The row of WTGs pictured in Fig. 1 is located at the southern end of a larger utility-sized wind farm at an elevation of approximately 335 m above sea level. The landscape surrounding the study site consists of soybean and corn agricultural fields, with corn as the primary crop surrounding the lidars and WTGs. Small farms and homesteads interrupt the upwind fetch, with the closest homesteads approximately 600 m to the north-west and south–south-east from the lidars. A few metres north of the turbines and running parallel to the row of wind turbines, a 10-m-wide gravel access road connects the WTGs. The lidar observational period began on 30 June and concluded on 16 August 2011. Approximate sunrise occurred between 0430 and 0515 local standard time (LST) while sunset ranged from 1915 to 2000 LST.

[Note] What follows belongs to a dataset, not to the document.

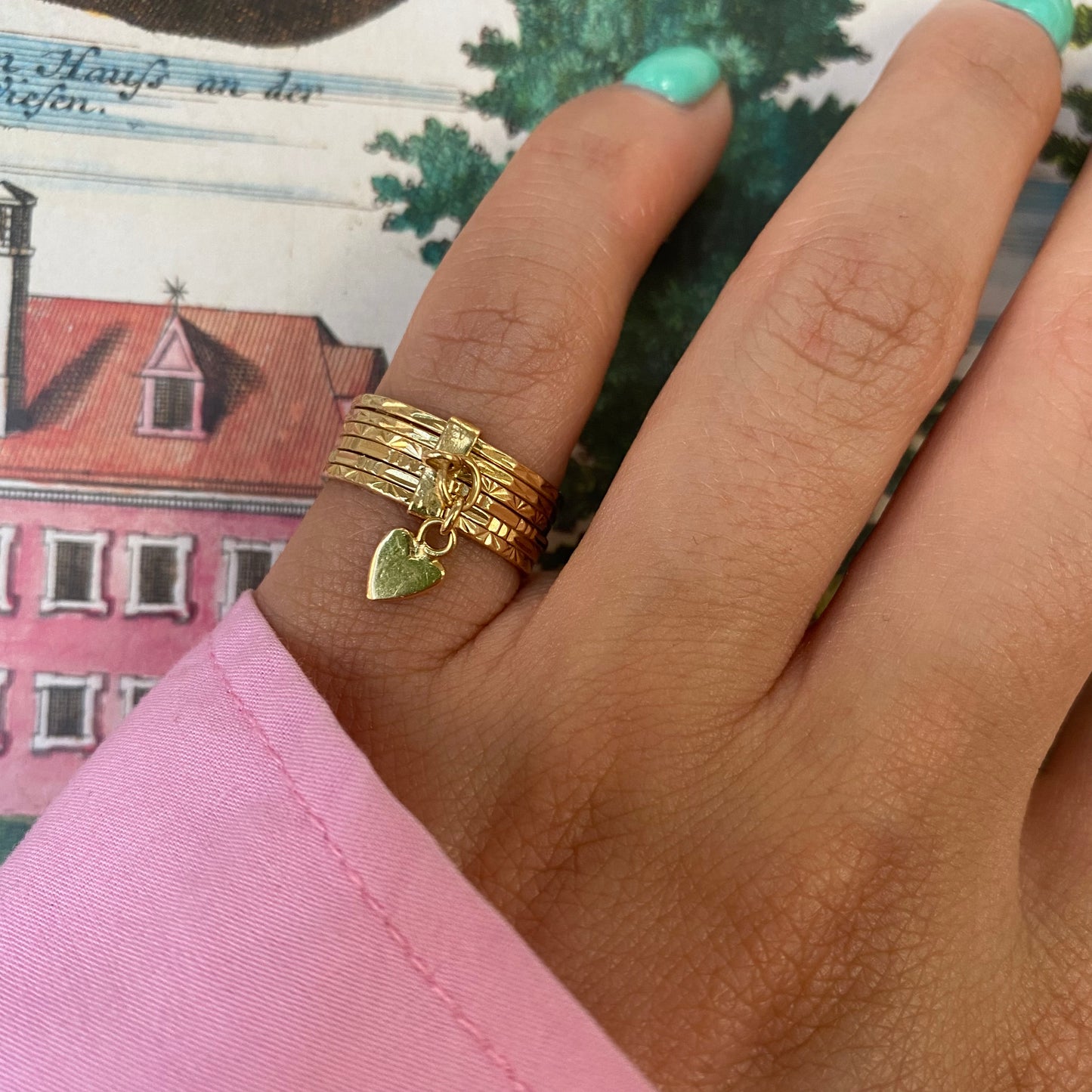 18 carat gold 6 engraved stack ring with heart pendant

The lidar system records the radial velocity of boundary-layer aerosols at a half opening angle \(\phi \) (approximately 30\(^{\circ }\) from vertical) in each of the four cardinal directions once per second. Line-of-sight velocities at each of the lidar’s ten range gates are converted to zonal, meridional, and vertical wind speeds at each height assuming flow homogeneity throughout the volume scanned by the lidar. (The impact of flow inhomogeneities on the measurements is discussed in Sect. 2.1.) The lidars record horizontal and vertical components of wind speed every second for each specified height; these components are then averaged for a 2-min period to quantify horizontal and vertical components of the flow and the variances of those quantities. Any data that do not meet the carrier-to-noise ratio threshold of \(-\)22 dB are omitted from the recorded 2-min average. Wind shear, directional shear, horizontal turbulence intensity, vertical turbulence intensity, and a form of turbulent kinetic energy are calculated based on the 2-min data from the measured wind-speed components, wind direction, wind-speed variance, and measurement height. Periods of precipitation (as measured at the local ISFS stations) are omitted due to potential lidar signal contamination (Aitken et al. 2012).
Lidar Observations of Inhomogeneous Flow
In the CWEX domain, the lidar observations of flow into the turbine can be assumed to be homogeneous across the measurement volume. However, observations in the wake region likely incorporate inhomogeneous flow, and so the uncertainty of lidar velocity measurements in such flow must be assessed. The size of the volume sampled by the lidar varies with the height \(h\) of the measurement. For the Windcube v1 in the present campaign, \(h\) ranged from 40 to 220 m a.g.l. With a half-opening angle \(\phi \) of approximately 30\(^{\circ }\), the line-of-sight measurements at height \(h\) are collected over a horizontal extent of \(2h\) sin \(\phi \) (or approximately \(h\)). The effective probe length of the Windcube v1 is 18 m. Therefore, at an altitude of 40 m, the Windcube velocity measurements collected over a 4-s period represent a volume 40 m in the horizontal, 18 m in the vertical, and centered at 40 m above the surface. Similarly, at an altitude of 100 m, the Windcube velocity measurements collected over a 4-s period represent a volume 100 m in the horizontal, 18 m in the vertical, centered at 100 m above the surface.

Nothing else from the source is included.